### Data for the task:
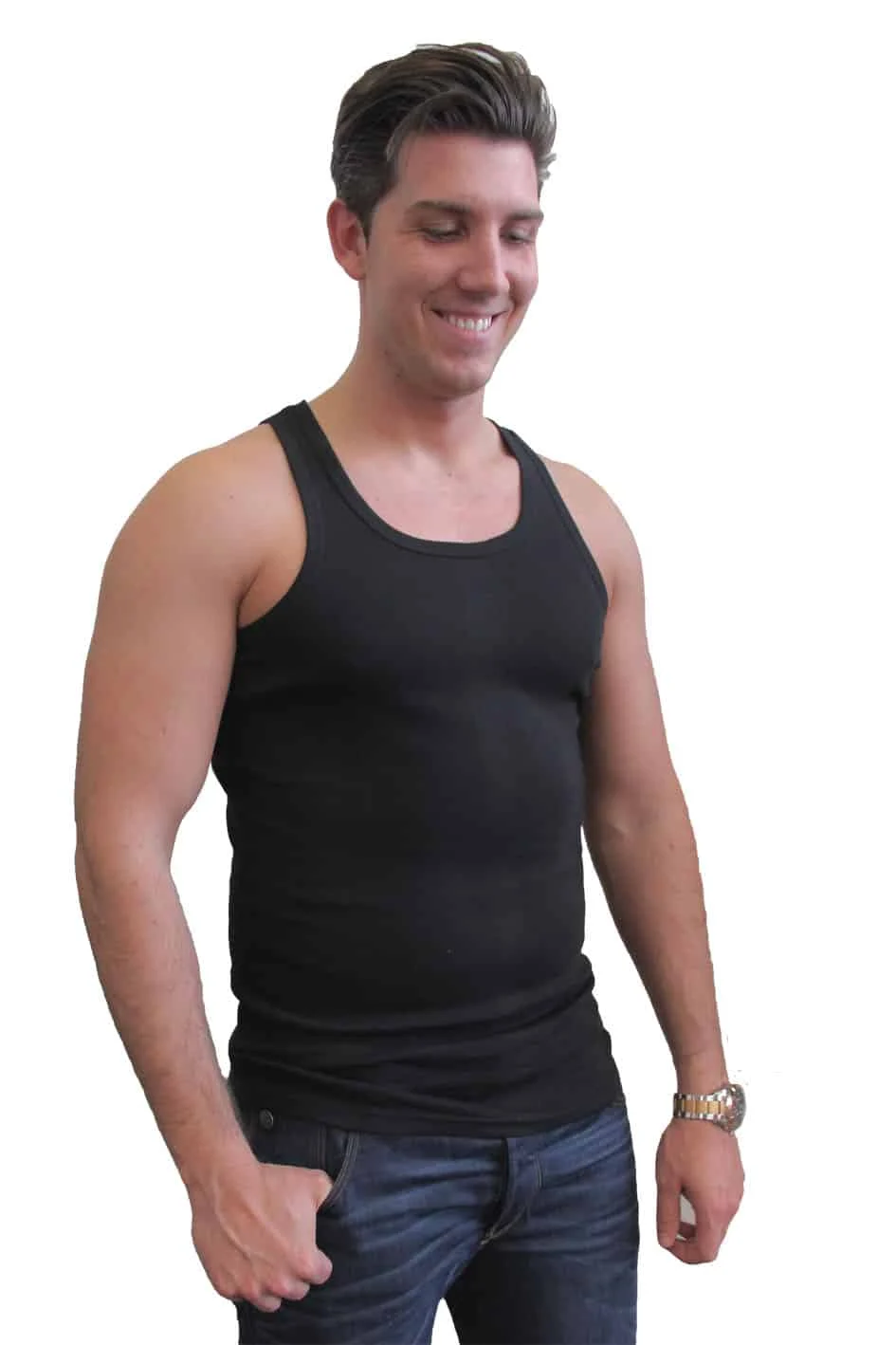 3 Herenhemden katoen zwart Naft. Deze hemden hebben geen zijnaden, dus geen last van irritatie.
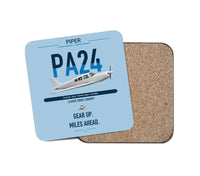Thumbnail for Piper PA-24-250 Comanche 250 design on light blue 1 piece coaster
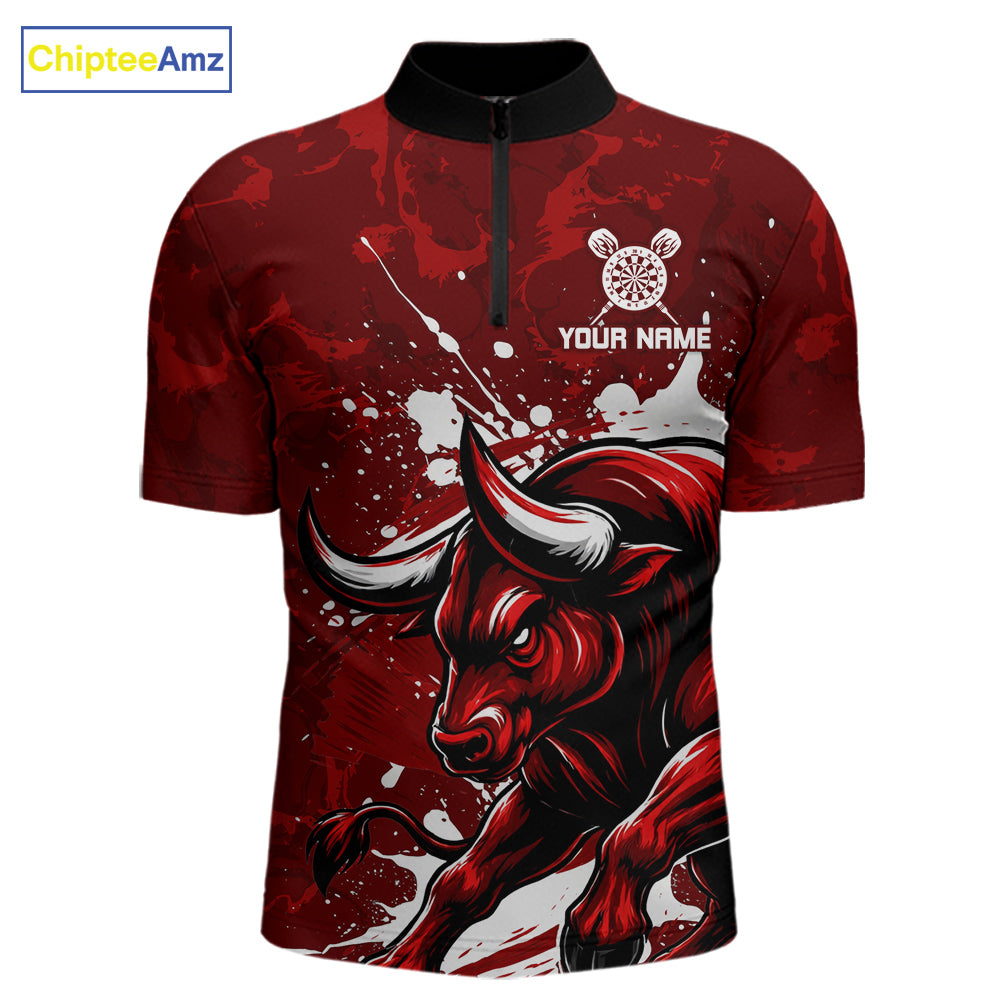Custom White And Red Splatter Darts Polo & 1/4 Zip Shirt For Men Funny Bull Darts Team Jerseys NYN2891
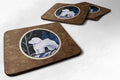Starry Night Bichon Frise Foam Coasters Set of 4 Cup Coasters for Indoor Outdoor, Tabletop Protection, Anti Slip, Mouse pad Material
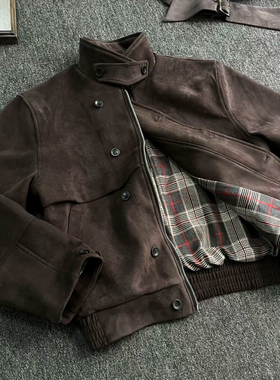 复古摩卡猎装夹克巴恩风夹克外套麂皮绒男秋冬美式高街cleanfit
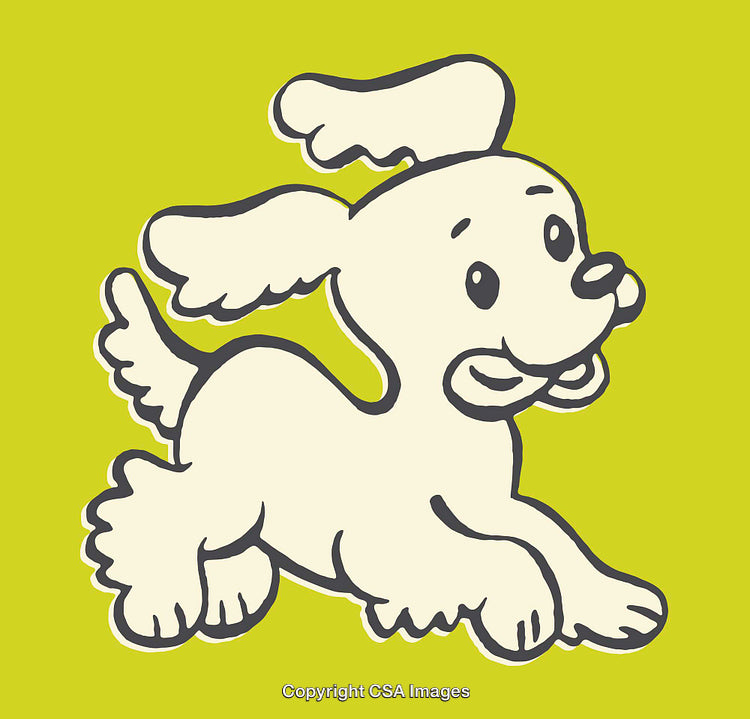 Cheerful Cartoon Dog Illustration on a Bright Green Background
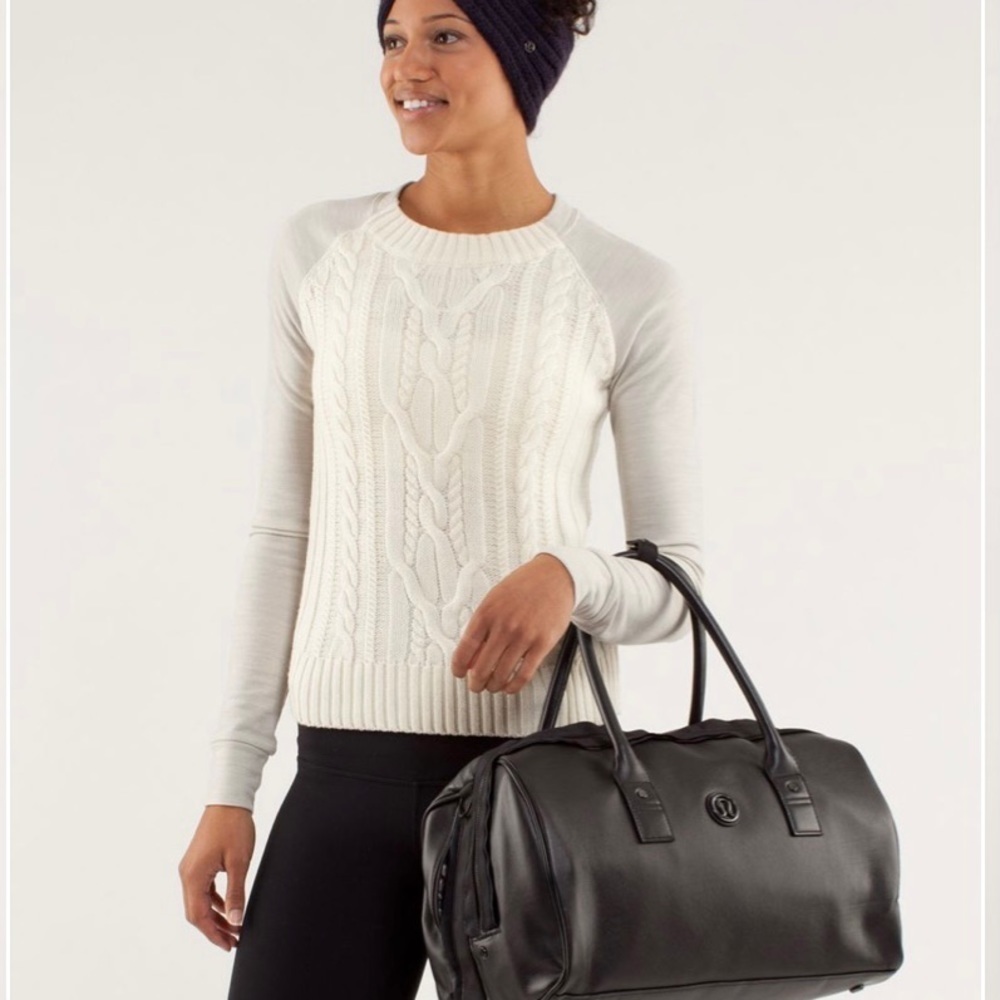 Lululemon St Moritz Cable Knit Wool French Sweater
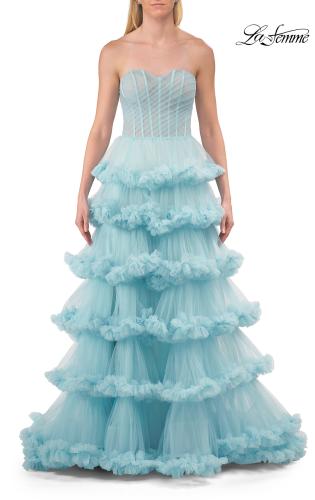 Picture of: Fabulous Tiered Ruffle Skirt Prom Dress with Strapless Top in Cloud Blue, Style: 33717, Detail Picture 23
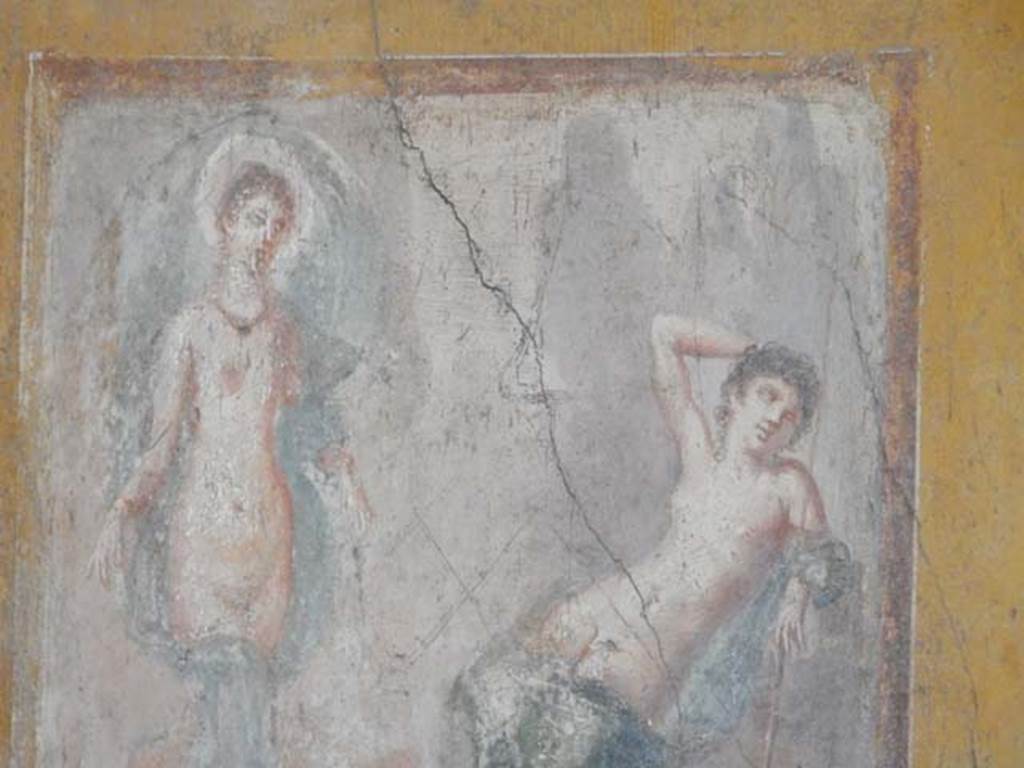 VI.16.15 Pompeii. May 2015. West wall of room F, detail of central wall painting of Selene and Endymion. Photo courtesy of Buzz Ferebee.

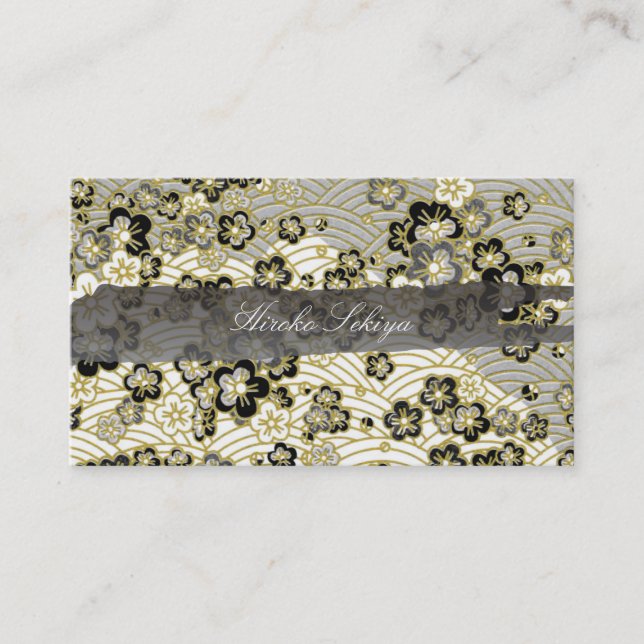 PixDezines kimono/faux chirimen/sakura Visitkort (Framsida)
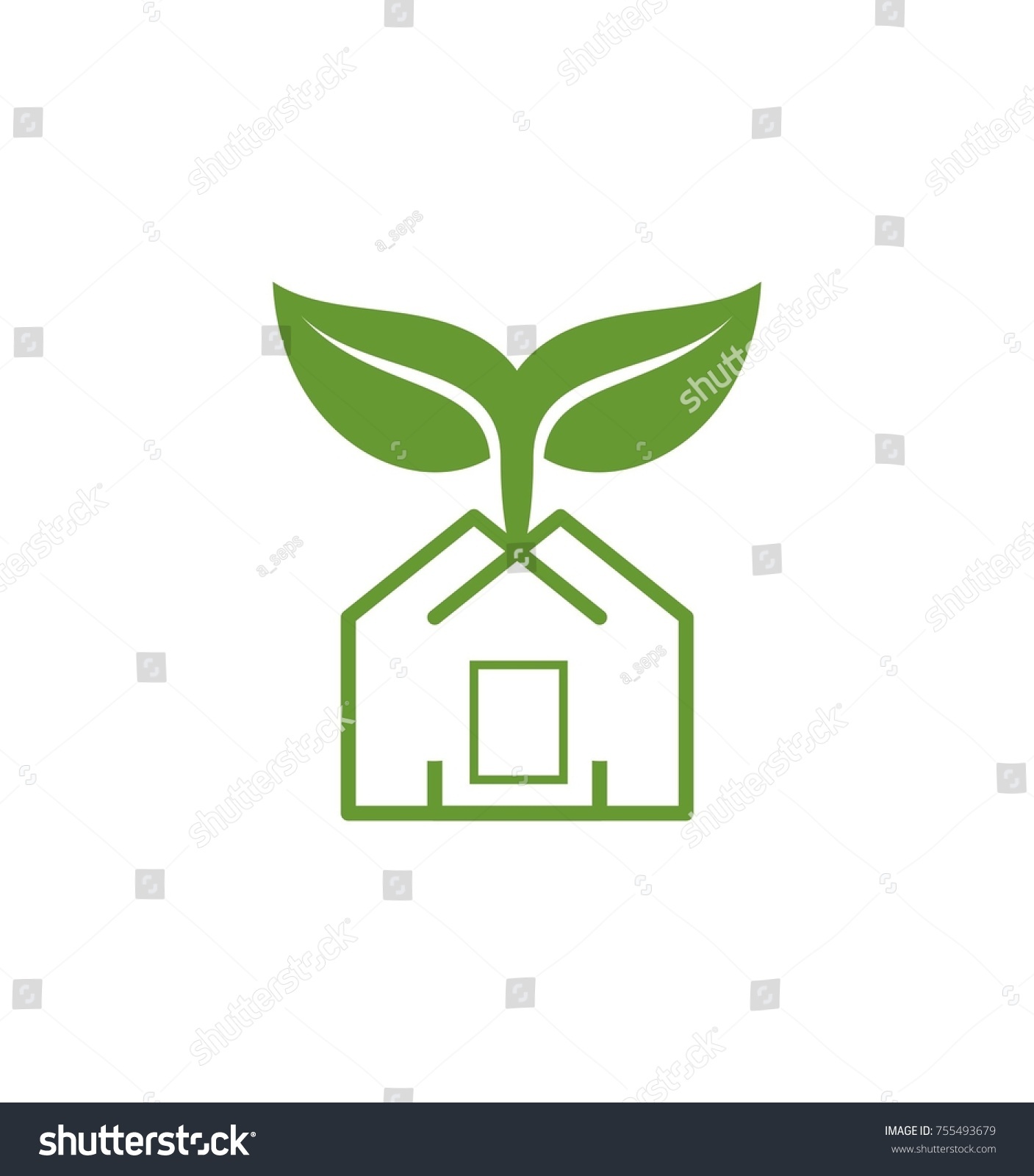 Simple Green House Logo Stock Vector Royalty Free 755493679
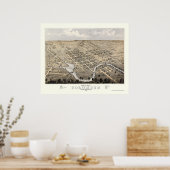 Poster Columbus, WI Panoramic Map - 1868 (Cuisine)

### Your assignment:
Within the listing above, the stretch from the line with "Starry Night Bichon" down to the line with "VI.16.15 Pompeii. May" is to be given again exactly, end lines included and pictures excluded.

### Expected output:
Starry Night Bichon Frise Foam Coasters Set of 4 Cup Coasters for Indoor Outdoor, Tabletop Protection, Anti Slip, Mouse pad Material
 复古摩卡猎装夹克巴恩风夹克外套麂皮绒男秋冬美式高街cleanfit
 Cheerful Cartoon Dog Illustration on a Bright Green Background
 Lululemon St Moritz Cable Knit Wool French Sweater
 Picture of: Fabulous Tiered Ruffle Skirt Prom Dress with Strapless Top in Cloud Blue, Style: 33717, Detail Picture 23
 VI.16.15 Pompeii. May 2015. West wall of room F, detail of central wall painting of Selene and Endymion. Photo courtesy of Buzz Ferebee.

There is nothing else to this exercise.